Altruistically speaking, the community such as Pianobook could indeed profit if the available instruments would be ported to Spitfire Player. But I'm guessing that this would be a slow and difficult process, let alone if they should decide to convert the whole available library. Then, there is also the question will they keep the multi-format availability scheme. In any case, quite a mess, as your diagram aptly demonstrates.

P.S. I still think that SA Player should get much more refined, especially if this is the future for everything related to Spitfire. Personally, I mostly have and use Kontakt libraries from SA and I intend to keep on using them. However, the Labs series are too good to be missed, even for us with larger commercial libraries, so I'm trying to give the dedicated player a chance. I've also gotten most of the Originals titles for free, being an owner of the Kontakt originals - these could be interesting for sketching purposes or mobile rig.


----------



## curry36 (Mar 25, 2021)

Is there anything more like the Dictaphone Loop Synth? Any other libraries/commercial libraries?
I've been looking for this kinda cassette looped sound like forever and would love to explore more soundscapes in that quality.






Dictaphone Loop Synth – pianobook







www.pianobook.co.uk


----------



## TomislavEP (Mar 26, 2021)

Frankly, I'm not a big fan of lo-fi, but here is a small list of Pianobook instruments that (IMO) have a similar character as the one you've mentioned (these the ones that I've tried while exploring the new submissions). Of course, they were all made by using different techniques.


KL Pad 1
Little Low
Evergreen Voyager
Lyra Pad
Trumpetuba
Distant Brass
The last two remind me of some of the sounds featured in the Stephenson Steam Band section of the Albion series. There was also one made in a Photosynthesis Engine based on various Russian vintage synths, but I cannot recall the name.


----------



## synthesizerwriter (Mar 26, 2021)

Alternatively (and this follows a theme from recent Christian Henson YouTube videos), you could produce your own loops. There are lots of plug-in effects that can simulate wow, flutter and various other degredations associated with the tape recording process (or other analogue/digital processing). I've done a few freebies in MaxForLive for Ableton Live that give some flavour of the range that is out there:

Ferrous Modulation CH 0.02 by synthesizerwriter
Ironic Distortion mr 0.03 by synthesizerwriter
OnOff Emulation 0.02 by synthesizerwriter
(Any Generic Saturation plug-in)
(Any Low-Pass Filter plug-in)


----------



## TomislavEP (Mar 26, 2021)

Earlier I've forgotten to mention: if you haven't already, be sure to check out "Tape Orchestra" from Spitfire Labs. Sound-wise, this is very close to the style of "Dictaphone Loop Synth", but much more refined, of course.


----------



## TomislavEP (Jun 29, 2021)

It's been a while since my last post in this thread, so I've decided to put a list of some more recent Pianobook submissions that I've either used in my track or I plan to keep in my collection.

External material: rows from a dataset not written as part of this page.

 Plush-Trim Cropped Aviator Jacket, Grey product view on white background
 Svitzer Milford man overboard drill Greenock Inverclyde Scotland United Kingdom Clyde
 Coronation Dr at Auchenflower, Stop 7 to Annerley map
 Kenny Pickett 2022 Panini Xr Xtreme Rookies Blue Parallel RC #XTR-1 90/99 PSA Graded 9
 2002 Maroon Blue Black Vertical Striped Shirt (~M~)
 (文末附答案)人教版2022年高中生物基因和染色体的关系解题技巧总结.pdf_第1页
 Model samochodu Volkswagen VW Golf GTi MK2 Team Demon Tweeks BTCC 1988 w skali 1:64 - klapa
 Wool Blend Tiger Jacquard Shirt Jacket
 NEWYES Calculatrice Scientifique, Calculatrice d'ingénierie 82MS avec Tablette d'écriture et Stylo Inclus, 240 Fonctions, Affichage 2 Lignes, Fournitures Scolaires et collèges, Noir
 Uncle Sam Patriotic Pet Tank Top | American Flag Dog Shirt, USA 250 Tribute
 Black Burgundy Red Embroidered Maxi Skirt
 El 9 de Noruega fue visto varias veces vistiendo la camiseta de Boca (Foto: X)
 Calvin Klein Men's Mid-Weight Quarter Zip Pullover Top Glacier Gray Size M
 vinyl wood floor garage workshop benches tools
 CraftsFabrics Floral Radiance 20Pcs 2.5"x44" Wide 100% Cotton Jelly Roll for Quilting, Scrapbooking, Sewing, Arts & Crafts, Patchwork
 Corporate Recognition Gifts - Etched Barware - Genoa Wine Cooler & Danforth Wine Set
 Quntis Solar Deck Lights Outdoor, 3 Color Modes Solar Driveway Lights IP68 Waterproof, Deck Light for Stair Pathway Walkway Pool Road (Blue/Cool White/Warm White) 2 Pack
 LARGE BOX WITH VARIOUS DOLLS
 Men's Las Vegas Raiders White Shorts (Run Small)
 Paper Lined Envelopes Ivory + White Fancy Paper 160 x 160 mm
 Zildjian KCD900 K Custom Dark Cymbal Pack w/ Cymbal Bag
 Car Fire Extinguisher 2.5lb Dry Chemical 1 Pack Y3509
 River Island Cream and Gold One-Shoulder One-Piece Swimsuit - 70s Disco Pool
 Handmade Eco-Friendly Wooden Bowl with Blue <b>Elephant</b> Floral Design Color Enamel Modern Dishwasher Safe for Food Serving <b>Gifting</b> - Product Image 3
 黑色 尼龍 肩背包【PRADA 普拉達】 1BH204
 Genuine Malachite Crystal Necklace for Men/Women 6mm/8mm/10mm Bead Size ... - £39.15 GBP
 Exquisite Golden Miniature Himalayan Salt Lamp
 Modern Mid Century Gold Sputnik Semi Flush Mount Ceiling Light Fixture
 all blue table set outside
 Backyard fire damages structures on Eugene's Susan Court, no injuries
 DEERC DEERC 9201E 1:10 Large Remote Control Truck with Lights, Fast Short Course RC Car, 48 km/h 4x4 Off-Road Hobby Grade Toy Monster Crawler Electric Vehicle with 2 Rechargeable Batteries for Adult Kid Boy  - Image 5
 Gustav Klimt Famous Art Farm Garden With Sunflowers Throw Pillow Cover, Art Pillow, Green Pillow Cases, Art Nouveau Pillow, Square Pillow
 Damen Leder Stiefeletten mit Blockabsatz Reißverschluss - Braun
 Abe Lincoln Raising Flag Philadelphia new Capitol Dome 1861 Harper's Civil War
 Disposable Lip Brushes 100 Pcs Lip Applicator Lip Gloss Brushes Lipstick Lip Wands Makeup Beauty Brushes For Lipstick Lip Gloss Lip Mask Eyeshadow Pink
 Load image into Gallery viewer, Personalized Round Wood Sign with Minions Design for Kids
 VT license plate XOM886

*AB Natural Kalimba* (quite deeply sampled, charming dry but gorgeous wet)
*Bluthner Style 6 *(a warm-sounding piano with a sad background story)
*Claustrophobic Piano *(maybe the most intimate sounding version of CH's Schimmel Upright)
*E-Ukulele* (a homemade "cigarette box" type instrument, quite deeply sampled)
*Hunter's Percussion - World* (a surprisingly detailed collection of percussion; pristine conditions)
*Music Box DLX* (a music box library with many sound-shaping and processing options)
*NFO: Orchestral Swells* (probably the most ambitious orchestral library on Pianobook yet)
*One After 969* (deeply sampled analog synth pluck sound perfect for new age styles)
*Rattvik Upright* (dirty and characterful upright with a lot of presence)
*Serendipity* (a unique morphing plucky sound)
*Snow* (based on field recordings; good both as a solo and background sound)
*Soundscape Guitar* (an excellent ambient guitar library with a commercial-level GUI)
*The Cool Piano* (CH's Schimmel put through various guitar pedals and stuff)
*The Guitar* (homemade "cigarette box" guitar; could be used for simulating various fretted folk instruments)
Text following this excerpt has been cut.